### ASSIGNMENT
The entries should be given again in full. Alter nothing.

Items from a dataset
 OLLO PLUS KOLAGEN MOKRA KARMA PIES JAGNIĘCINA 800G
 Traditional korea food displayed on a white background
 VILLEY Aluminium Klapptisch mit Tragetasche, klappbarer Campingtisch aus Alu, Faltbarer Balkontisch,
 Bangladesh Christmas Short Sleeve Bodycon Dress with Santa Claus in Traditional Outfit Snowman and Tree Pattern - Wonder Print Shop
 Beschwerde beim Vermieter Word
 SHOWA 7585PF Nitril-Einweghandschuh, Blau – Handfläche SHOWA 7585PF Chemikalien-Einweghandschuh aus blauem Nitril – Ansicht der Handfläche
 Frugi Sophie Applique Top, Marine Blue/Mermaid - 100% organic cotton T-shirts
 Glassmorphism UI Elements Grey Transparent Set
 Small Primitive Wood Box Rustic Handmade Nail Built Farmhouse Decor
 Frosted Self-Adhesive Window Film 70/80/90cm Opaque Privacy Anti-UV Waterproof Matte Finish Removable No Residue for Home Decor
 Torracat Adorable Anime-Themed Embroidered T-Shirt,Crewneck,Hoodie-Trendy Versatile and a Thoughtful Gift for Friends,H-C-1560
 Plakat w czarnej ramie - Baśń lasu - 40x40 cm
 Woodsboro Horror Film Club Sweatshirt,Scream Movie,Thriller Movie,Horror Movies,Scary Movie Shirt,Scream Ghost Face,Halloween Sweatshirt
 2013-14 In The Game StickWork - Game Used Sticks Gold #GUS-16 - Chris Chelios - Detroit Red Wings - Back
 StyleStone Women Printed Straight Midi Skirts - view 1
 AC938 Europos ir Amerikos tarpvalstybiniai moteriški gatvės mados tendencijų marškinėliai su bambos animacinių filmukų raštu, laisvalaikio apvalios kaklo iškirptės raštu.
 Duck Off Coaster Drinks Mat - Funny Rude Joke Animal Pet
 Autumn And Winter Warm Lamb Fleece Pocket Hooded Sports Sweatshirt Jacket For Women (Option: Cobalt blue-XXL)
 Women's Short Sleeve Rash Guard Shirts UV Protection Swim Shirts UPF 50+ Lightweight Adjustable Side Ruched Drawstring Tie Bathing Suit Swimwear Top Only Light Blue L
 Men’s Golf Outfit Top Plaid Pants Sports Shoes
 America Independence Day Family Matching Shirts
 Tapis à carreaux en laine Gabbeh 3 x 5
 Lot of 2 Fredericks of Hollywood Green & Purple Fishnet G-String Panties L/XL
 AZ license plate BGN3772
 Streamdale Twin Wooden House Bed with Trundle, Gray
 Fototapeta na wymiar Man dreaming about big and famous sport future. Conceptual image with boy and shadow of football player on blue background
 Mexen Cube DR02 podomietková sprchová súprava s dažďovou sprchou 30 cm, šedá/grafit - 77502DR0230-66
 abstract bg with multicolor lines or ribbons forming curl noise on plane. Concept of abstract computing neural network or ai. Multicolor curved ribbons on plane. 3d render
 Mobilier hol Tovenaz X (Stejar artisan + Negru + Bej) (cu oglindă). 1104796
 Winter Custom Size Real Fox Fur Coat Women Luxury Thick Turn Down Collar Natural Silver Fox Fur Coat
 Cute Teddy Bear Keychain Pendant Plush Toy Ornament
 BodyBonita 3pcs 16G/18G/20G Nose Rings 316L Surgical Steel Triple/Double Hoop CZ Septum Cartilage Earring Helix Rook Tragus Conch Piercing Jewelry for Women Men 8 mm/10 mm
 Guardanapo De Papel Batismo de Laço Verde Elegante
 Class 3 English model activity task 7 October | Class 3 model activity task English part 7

### SOLUTION
 OLLO PLUS KOLAGEN MOKRA KARMA PIES JAGNIĘCINA 800G
 Traditional korea food displayed on a white background
 VILLEY Aluminium Klapptisch mit Tragetasche, klappbarer Campingtisch aus Alu, Faltbarer Balkontisch,
 Bangladesh Christmas Short Sleeve Bodycon Dress with Santa Claus in Traditional Outfit Snowman and Tree Pattern - Wonder Print Shop
 Beschwerde beim Vermieter Word
 SHOWA 7585PF Nitril-Einweghandschuh, Blau – Handfläche SHOWA 7585PF Chemikalien-Einweghandschuh aus blauem Nitril – Ansicht der Handfläche
 Frugi Sophie Applique Top, Marine Blue/Mermaid - 100% organic cotton T-shirts
 Glassmorphism UI Elements Grey Transparent Set
 Small Primitive Wood Box Rustic Handmade Nail Built Farmhouse Decor
 Frosted Self-Adhesive Window Film 70/80/90cm Opaque Privacy Anti-UV Waterproof Matte Finish Removable No Residue for Home Decor
 Torracat Adorable Anime-Themed Embroidered T-Shirt,Crewneck,Hoodie-Trendy Versatile and a Thoughtful Gift for Friends,H-C-1560
 Plakat w czarnej ramie - Baśń lasu - 40x40 cm
 Woodsboro Horror Film Club Sweatshirt,Scream Movie,Thriller Movie,Horror Movies,Scary Movie Shirt,Scream Ghost Face,Halloween Sweatshirt
 2013-14 In The Game StickWork - Game Used Sticks Gold #GUS-16 - Chris Chelios - Detroit Red Wings - Back
 StyleStone Women Printed Straight Midi Skirts - view 1
 AC938 Europos ir Amerikos tarpvalstybiniai moteriški gatvės mados tendencijų marškinėliai su bambos animacinių filmukų raštu, laisvalaikio apvalios kaklo iškirptės raštu.
 Duck Off Coaster Drinks Mat - Funny Rude Joke Animal Pet
 Autumn And Winter Warm Lamb Fleece Pocket Hooded Sports Sweatshirt Jacket For Women (Option: Cobalt blue-XXL)
 Women's Short Sleeve Rash Guard Shirts UV Protection Swim Shirts UPF 50+ Lightweight Adjustable Side Ruched Drawstring Tie Bathing Suit Swimwear Top Only Light Blue L
 Men’s Golf Outfit Top Plaid Pants Sports Shoes
 America Independence Day Family Matching Shirts
 Tapis à carreaux en laine Gabbeh 3 x 5
 Lot of 2 Fredericks of Hollywood Green & Purple Fishnet G-String Panties L/XL
 AZ license plate BGN3772
 Streamdale Twin Wooden House Bed with Trundle, Gray
 Fototapeta na wymiar Man dreaming about big and famous sport future. Conceptual image with boy and shadow of football player on blue background
 Mexen Cube DR02 podomietková sprchová súprava s dažďovou sprchou 30 cm, šedá/grafit - 77502DR0230-66
 abstract bg with multicolor lines or ribbons forming curl noise on plane. Concept of abstract computing neural network or ai. Multicolor curved ribbons on plane. 3d render
 Mobilier hol Tovenaz X (Stejar artisan + Negru + Bej) (cu oglindă). 1104796
 Winter Custom Size Real Fox Fur Coat Women Luxury Thick Turn Down Collar Natural Silver Fox Fur Coat
 Cute Teddy Bear Keychain Pendant Plush Toy Ornament
 BodyBonita 3pcs 16G/18G/20G Nose Rings 316L Surgical Steel Triple/Double Hoop CZ Septum Cartilage Earring Helix Rook Tragus Conch Piercing Jewelry for Women Men 8 mm/10 mm
 Guardanapo De Papel Batismo de Laço Verde Elegante
 Class 3 English model activity task 7 October | Class 3 model activity task English part 7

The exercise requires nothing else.